As someone whose tolerance of shoddy writing, anime or otherwise, is notably low, I can’t bring myself to disagree with anything written here. My enjoyment of Fujiko herself, the great visuals and the music was more often than not distrupted by eye rolling and “Oh come on, did we need this?”. It definitely could’ve used more wacky shenanigans and less of their horrendous mess of a story. I also found that sometimes when they were trying emulate the old Lupin style, they were emulating stuff that wasn’t a stylistic decision, it was a result of the low budget and animation for a lot of the early stuff and it comes off looking weird. It was worth watching though, I felt.

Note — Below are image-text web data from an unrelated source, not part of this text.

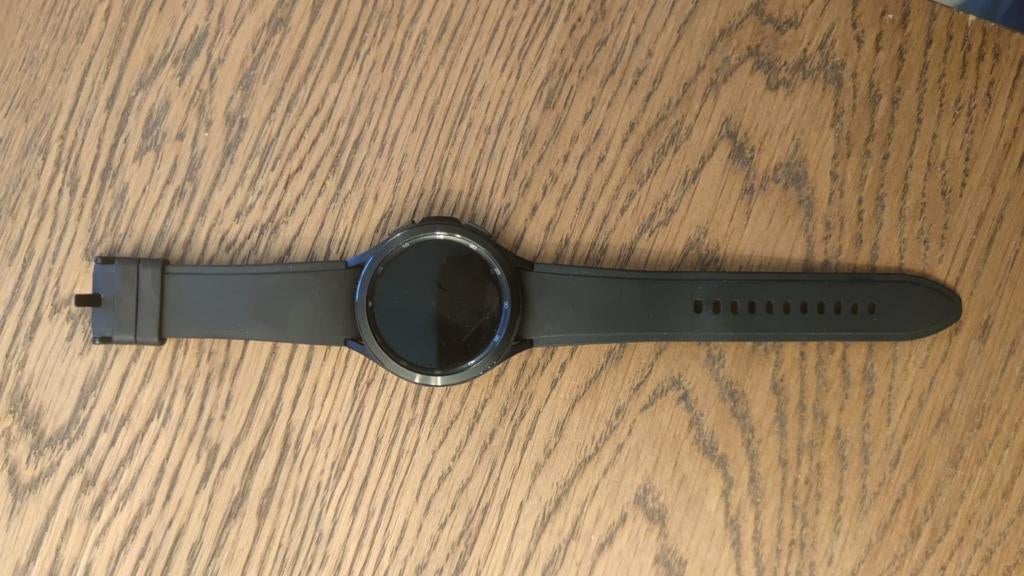 Samsung Galaxy Watch 4 Classic 46mm Zwart, Sieraden, Tassen en Uiterlijk, Smartwatches, Ophalen, GPS, Zwart, Zo goed als nieuw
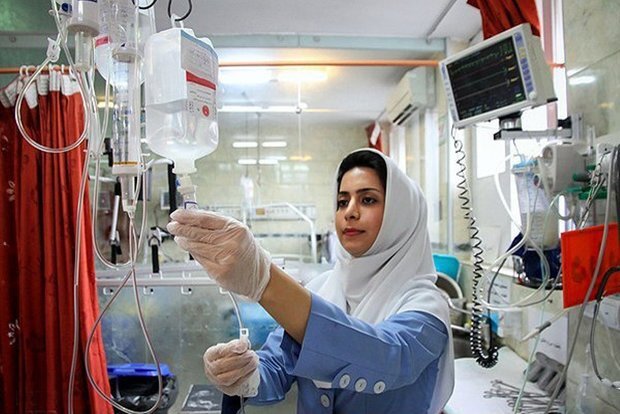 پایان دو دهه انتظار؛ لزوم بازنگری در قانون سازمان نظام پرستاری متناسب با نیازهای روز/ پرستاران با ۳۰ سال سابقه همچنان پشت سد بازنشستگی پیش از موعد مانده‌اند/ ضرورت حمایت از پرستاران بخش‌های مسمومیت و شیمی‌ درمانی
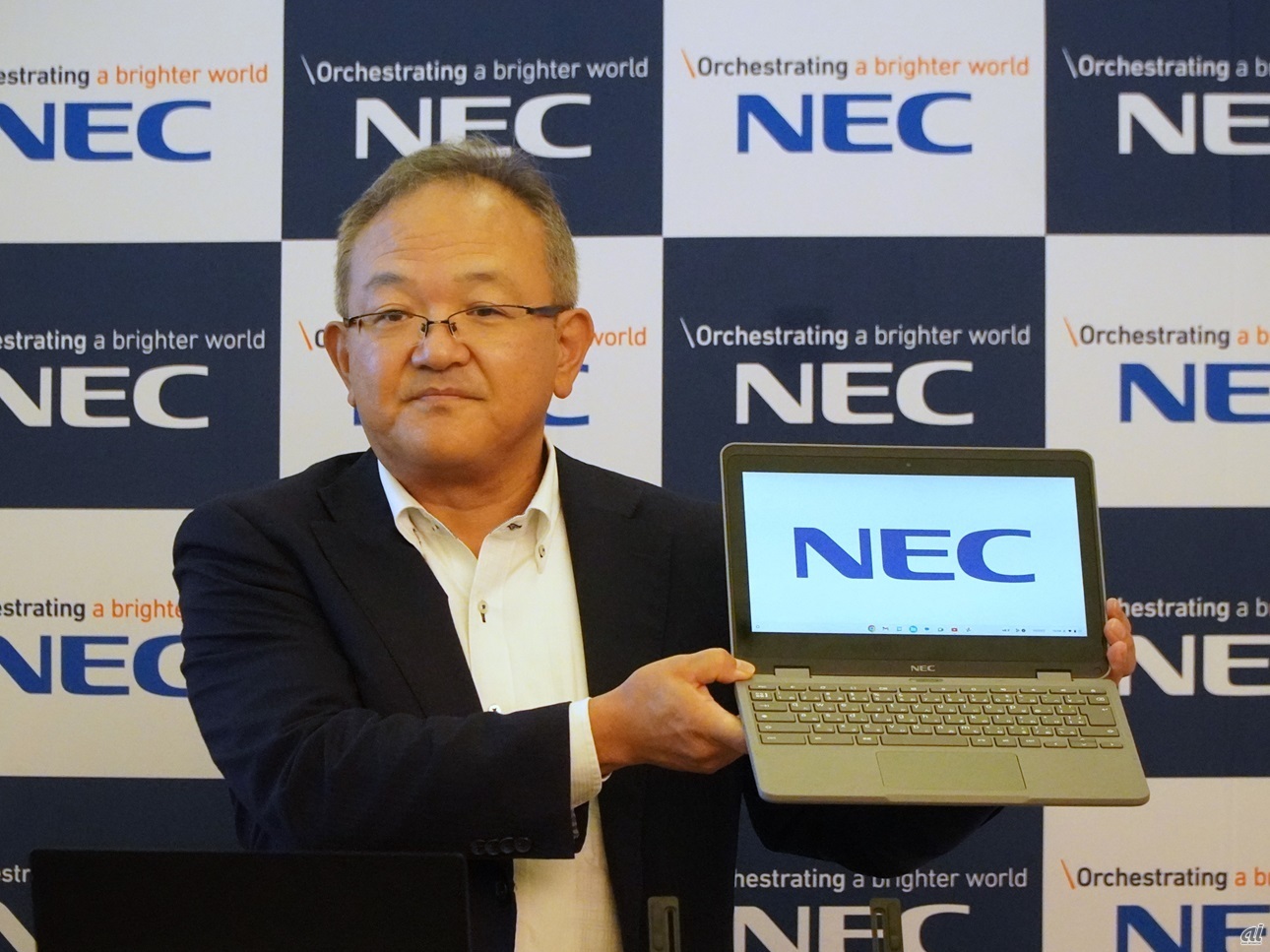 NEC、学習者用端末の新モデルを発売--落下などへの耐久性や安全性を強化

I am having a really hard time agreeing with this, I actually had a lot of fun trying to predict where the story was going, as we got a lot of clues along the way, a friend of mine even managed to roughly call the twist at the end.
I thought the story was fun and interesting, and the conclusion was great, as it made sure not to leave a problematic effect on the franchise, while still having a great impact on the viewer and sharpening the relations between the main characters of the franchise (I just wish Goemon and Fujiko’s bizarre friendship could have gotten a proper finale too).
Overall the show was fun, interesting and thought engaging.
The one thing that bothered me throughout the show was the inconsistent animation, but as I understand it was due to the tight schedule I hope it will be fixed for the blu-ray release.
A last word of warning,
It is very problematic to measure the worth of a show by comparing it to the franchise. If something is the same as it has been done before, does that make it good? If it is different, does that make it bad? That may well be true sales-wise (since lupin fans are the target audience), but for objectively trying to measure the worth of a show, that is a problematic standard.
@InazumaKick
Well I think this show had a poor budget too, lol. That’s why it looks funky sometimes.
@mei
People don’t write reviews because they want people to agree with them. Also, reviews are never objective. The whole point of a review is for the writer to write from their own subjective point of view.
If you had read my previous post, you’d know that I did in fact like some things about this show that were different from most of the other entries in the franchise. I enjoyed the re-written Zenigata, Goemon, and even Fujiko (despite her taking up too much space.) I also liked how the series went back to being hardboiled and sexual like the original manga.
But, as far as I’m concerned, the main story is kind of a mess of a lot of the things I hate about anime right now: the need have some bullshit sentimental scene, the big twists that are meant to be impressive but are just actually stupid, the fujoshi-bait character dynamics…
I just kind of wish the series stuck with basics and just executed those basics really well, instead of trying present itself as some high-minded thing when it’s really just another Dumb Anime.
I mean, it’s fine for you to like it. Me? I’ll stick with the old stuff that was made before we had writers like Okada Mari who insist on trying to convince everyone of how clever they are.